I know that our founding fathers were far worse than we are today about writing their opinions, publishing them and not revealing their identity. I give you The Federalist Papers (Library of  Congress). So we cannot harken back to a time when our nation was new for inspiration. This sort of thing has always gone on. In fact, it wasn't a law that you needed to be careful about what you said in print, it was just required by society in many parts of our country. Most people knew that disliking a person did not give you the right to attack their appearance or question their abilities. It was and still is viewed as childish.

I, like most of the people in our society, still abide by those ethical rules.

But...now we have Twitter and Facebook and notifications on our phones. If it crosses our minds, we can put it out there immediately and there are no consequences.

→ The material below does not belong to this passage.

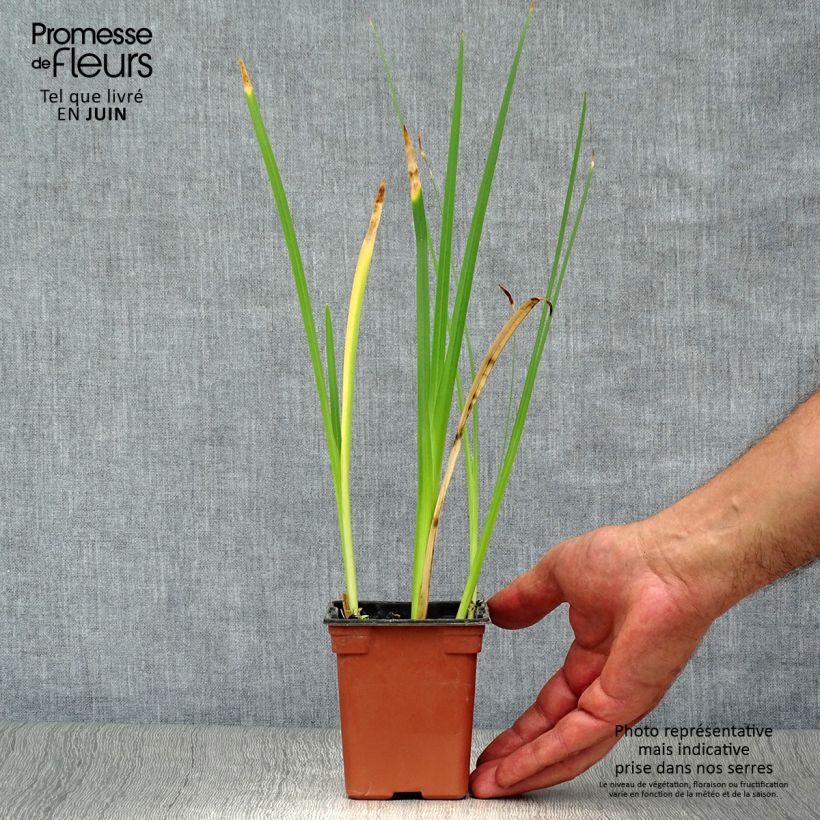 Esemplare di Schizostylis coccinea Alba Vasetto da 7/8 cm consegnato in estate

Remember back in January when news media was saying that our president asked for tougher libel and slander laws because Michael Wolff wrote a book called Fire and Fury: Inside the Trump Whitehouse. If you didn't see it the article from the NYT back then, here is the link.
President Trump on Wednesday repeated a pledge to make it easier for people to sue news organizations and publishers for defamation, denouncing the country’s libel laws as a “sham” a day after his personal lawyer filed a lawsuit against a major media outlet, BuzzFeed News. New York Times, Jan 10, 2018
That same article  points out that the president saw that changing those laws might put him in jeopardy.

So what really puzzles me is the thinking on social media. It is very like the news media and in fact is replacing it. Yet our president treat Tweets as conversations that disappear into thin air. Would those conversations be basis for a lawsuit?  See, the line is so thin. Is calling a person a liar or dumb slander? 

Here is the real kicker...in order to slander a person you have-to-lie. If you are telling the truth as you see it and it cannot be disproved, tough luck. If you really are fat or if the statement is made in judgment of your abilities or your opinions and you cannot prove otherwise, tough luck. The defamation has to be false. 
The general harm caused by defamation is identified as being ridiculed, shamed, hated, scorned, belittled or held in contempt by others, and lowers him/her in esteem of a reasonably prudent person, due to the communication of the false statement.  Defamation Guide to Libel and Slander
The court of public opinion has to judge that person either guilty or not because the law will not do that. Mocking another is not illegal...it is wrong...but it is not illegal.

What do you think?

b+

2 comments:

  1. My husband and I were talking the other day about how so much of the news today is very opinion biased. Does anyone else remember when a newscaster was speaking in an opinion based segment of the news program. there would be a small notice printed up on the tv screen that said "Editorial" or words similar? That's something you don't see anymore.

    ReplyDelete
  2. There are news outlets known to be neutral like Reuters or NPR. In fact Market Watch put out a chart on how most of them lay out left, right, neutral. I think initiating a libel law is funny coming from someone who calls people names every day. Leadership starts at the top.